To carry out these measurements, steel spheres of 1 mm (±0.001 mm) diameter were poured into a cylindrical Al container with an inner diameter of 25 mm. To measure the initial state (randomly closed packed, with packing fraction ϕ ≈ 0.62) these steel spheres were poured slowly in the container. Thereafter, to study the structural evolution from a randomly closed packed to a crystalline state the sample container was vertically shaken for five minutes, at various frequencies for 0.2 and 0.6 mm amplitude values. For 0.2 and 0.6 mm shaking amplitudes, tomography measurements were performed at 40, 85, and 180 Hz. For every combination of frequency and amplitude, the sphere configurations were reinitialized by slow pouring into the container. To perform neutron tomography measurements, the container was gently mounted on a rotation stage after each shaking cycle. The exposure time for each radiograph/projection was 50 secs and the measurement time was approx. 10–12 hours. The 3D reconstruction for each data set, mapping the linear absorption coefficient in the steel spheres, was carried out with commercially available OCTOPUS software package using the standard filtered back-projection algorithm50.

Subsequently, the location of each particle was acquired by segmenting the 3D data set using AMIRA software.
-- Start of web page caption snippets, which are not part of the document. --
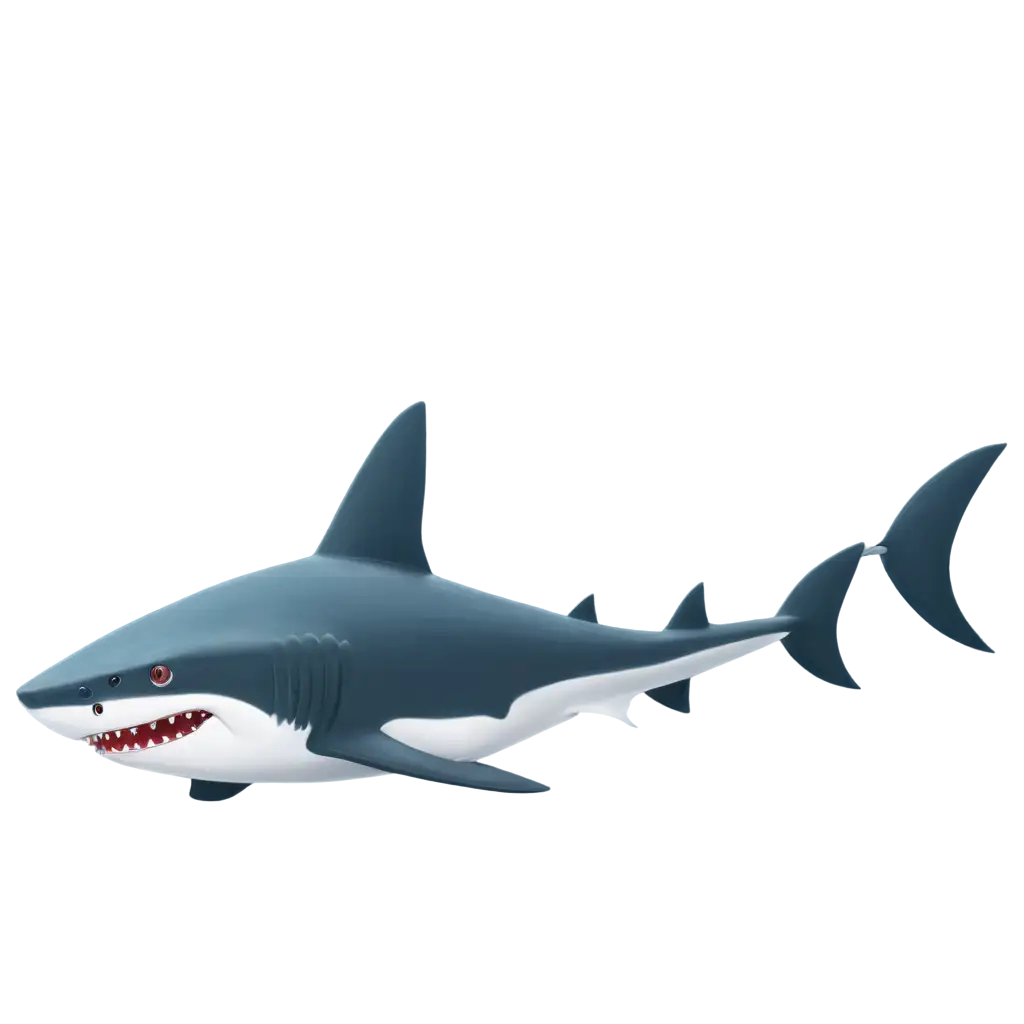 Cartoon shark
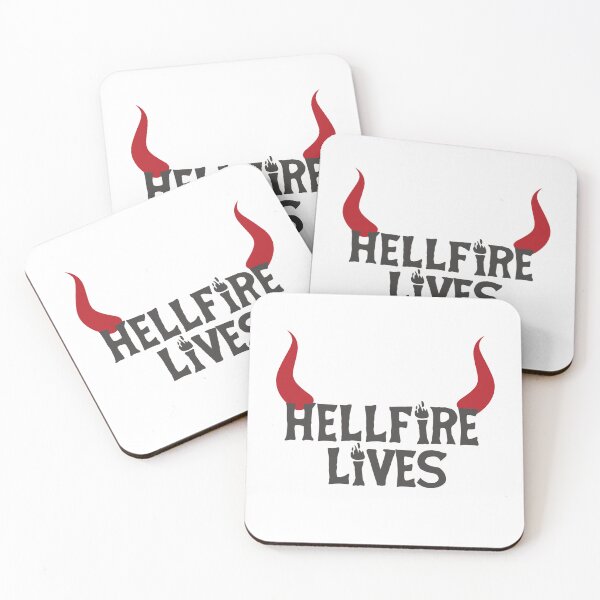 Item preview, Stranger Things Hellfire Lives designed and sold by lavndershrtdays.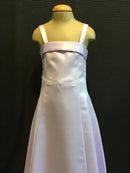 Bamboo | Girls Bridesmaid Lilac Dress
To minimize wall effects, we have focused only on the central part of the cylinder and have removed the data corresponding to about four particle diameters from the container walls in the analysis. The OVITO51 software was used to obtain the radial distribution function, angular distribution function, and to perform the Voronoi tessellation and adaptive – common neighbor analysis (ACNA)52.

Results and Discussion

Figure 2 shows representative 3D projections of the segmented spheres in XY, YZ – planes and in 3D, with Fig. (2a–c) reflecting the randomly packed initial state corresponding to spheres gently poured into the container. Figure (2d–f) reflect the relatively ordered configurations corresponding to shaking at a frequency of 180 Hz, and an amplitude of 0.6 mm. In Fig. (2a–c) an overall randomly packed structure (with packing fraction ϕ ≈ 0.62) can be clearly observed. This value of fraction is close to the random-close-packed fraction ϕ ≈ 0.64 at which spheres can pack densely without crystalline ordering19. After shaking at a frequency of 180 Hz and an amplitude of 0.6 mm, a transition to a crystalline state occurs with a concomitant increase in packing fraction to ϕ ≈ 0.71, as observed in Fig. (2d–f). The variation of packing fraction as a function of frequency, for 0.2 and 0.6 mm shaking amplitudes is shown in Fig. 3. Note that while there is also an increase of packing fraction (to a maximal value of ϕ ≈ 0.66) in the graph corresponding to the 0.2 mm shaking amplitude, this is far less pronounced than what is exhibited at the higher shaking amplitude of 0.6 mm. A first-order-like transition to a packing fraction of ϕ ≈ 0.71 is reached (to be compared with the densest possible packing fraction of ϕ ≈ 0.74). This is in conformity with the predictions of Shinde et al.33. who showed that spontaneous crystallization to FCC and HCP occurs more completely at higher amplitudes within a specified range.

Figure 2
figure 2

Representative 3D projections of the segmented spheres (diameter = 1 mm) inside a cylindrical container (inner diameter = 25 mm) in the initial state in (a) XY, (b) YZ – planes (c) 3D and at 180 Hz, 0.6 mm shaking amplitude in (d) XY, (e) YZ – planes and (f) 3D.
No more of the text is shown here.